### TASK OBJECTIVE
In the entries below, repeat only the lines between those holding "109 W East Ave, Cache, OK 73527 - photo 3" and "Abercrombie & Fitch", inclusive. Leave pictures out.

### RECORDED INFORMATION

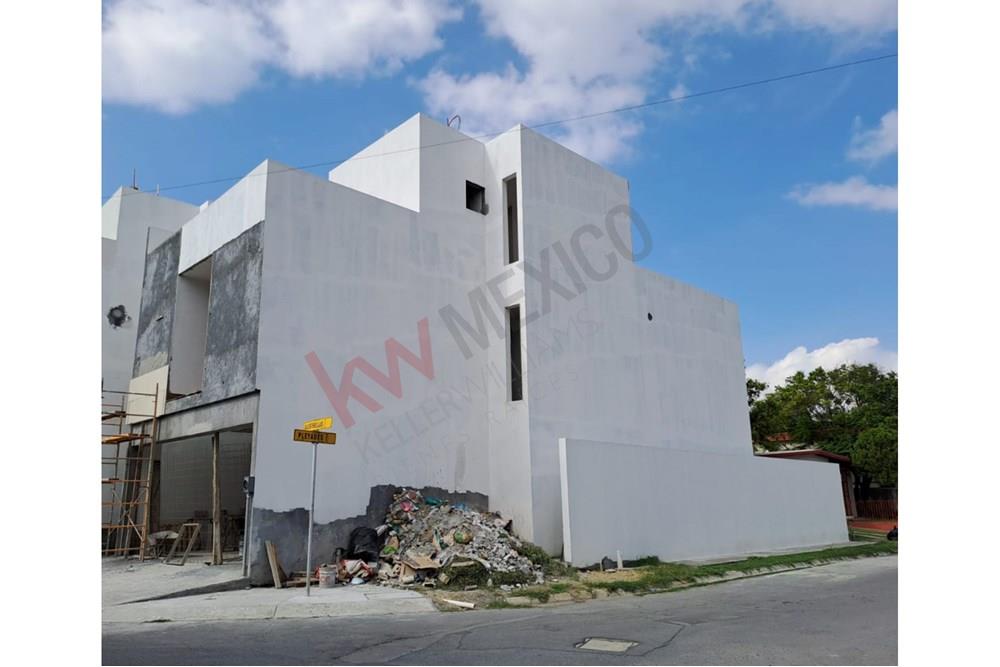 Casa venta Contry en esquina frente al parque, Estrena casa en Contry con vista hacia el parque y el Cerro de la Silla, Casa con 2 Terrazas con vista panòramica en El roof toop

---

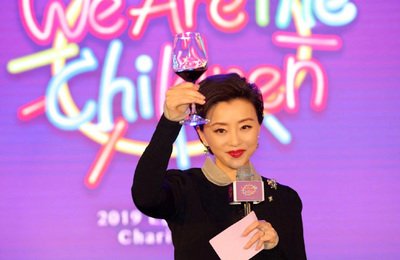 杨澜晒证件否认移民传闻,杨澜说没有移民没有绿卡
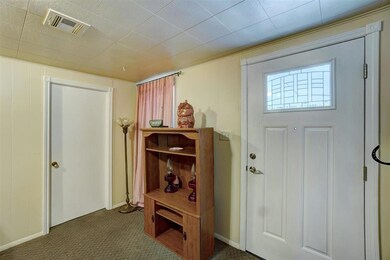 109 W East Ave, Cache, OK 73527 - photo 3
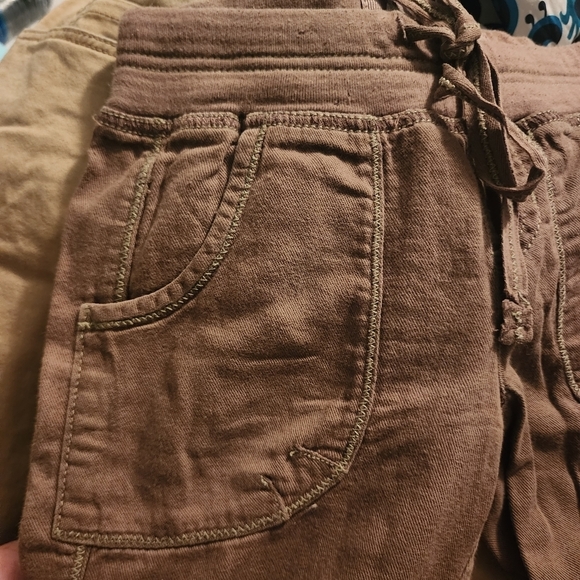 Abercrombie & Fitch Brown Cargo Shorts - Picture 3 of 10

==

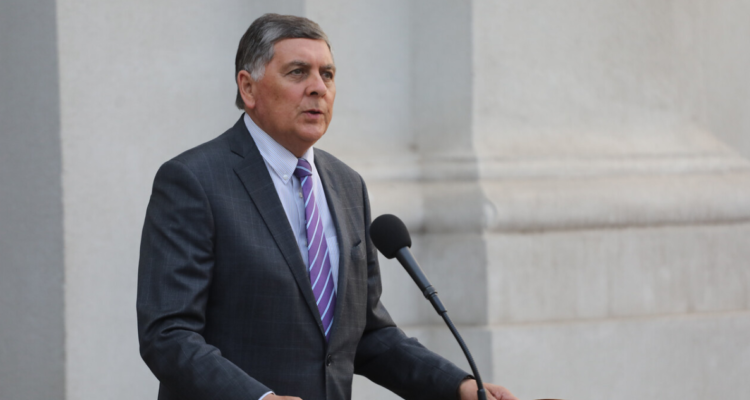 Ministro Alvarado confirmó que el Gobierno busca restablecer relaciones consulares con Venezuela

### ANSWER SPACE
 109 W East Ave, Cache, OK 73527 - photo 3
 Abercrombie & Fitch Brown Cargo Shorts - Picture 3 of 10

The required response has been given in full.